Het uitoefenen van detailhandel ter plaatse wordt niet uitgesloten in de Detailhandelsvisie. Wel is aangegeven dat er voor uitbreiding in de binnenstad een ruimte van 1.500 à 2.000 m² in de niet-dagelijkse artikelensector gereserveerd is, waarvan een deel zal worden ingenomen door de ontwikkelingen in het Kolveniershof. De overige ruimte moet inpasbaar zijn voor de gewenste herontwikkeling van panden rondom de grote Markt.

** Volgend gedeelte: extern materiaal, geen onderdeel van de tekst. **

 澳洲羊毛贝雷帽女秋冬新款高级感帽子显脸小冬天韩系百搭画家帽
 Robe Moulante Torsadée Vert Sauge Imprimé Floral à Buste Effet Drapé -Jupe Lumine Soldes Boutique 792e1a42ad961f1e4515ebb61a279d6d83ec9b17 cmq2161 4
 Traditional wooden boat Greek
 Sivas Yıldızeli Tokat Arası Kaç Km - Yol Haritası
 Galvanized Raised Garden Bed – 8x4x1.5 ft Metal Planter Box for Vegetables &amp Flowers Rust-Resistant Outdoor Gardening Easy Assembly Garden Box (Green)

Bestemmingsplan Binnenstad-Centrum
In het vigerende bestemmingsplan Binnenstad – Centrum uit 2001 is een zonering opgenomen voor de vestiging van nieuwe horeca. Het perceel Grote Markt 14 valt in zone 1. Deze zone van de stad geldt als de ontmoetingsplaats voor eigen inwoners en bezoekers met als doel sociaal contact en culturele evenementen die overdag en ’s avonds plaats kunnen vinden. Deze zone wordt gekenmerkt door aan de Markt een concentratie van bankinstellingen en horecabedrijven afgewisseld met winkels. In deze zone is in principe iedere soort horeca voorstelbaar met uitzondering van nachtzaken, discotheken in het bijzonder. Deze vorm is vanwege de gesloten verschijningsvorm in strijd met het extraverte karakter dat deze zone overdag typeert. Het toestaan van deze horecavorm zou leiden tot aantasting van de levendigheid die de Grote Markt kenmerkt en kan mogelijk zelfs voeren tot incidentele verwaarlozing overdag. Het monumentale en uitzonderlijke karakter van de Markt verdient functies die zich met name overdag en op werkdagen zowel etaleren als waarmaken.
2.4 Conclusie
Gezien het voorgaande kan de conclusie worden getrokken dat vestiging van detailhandel en (niet-zware) horeca past binnen het bestaande beleid en dat er uit dien hoofde geen belemmeringen zijn om medewerking te verlenen aan het verzoek.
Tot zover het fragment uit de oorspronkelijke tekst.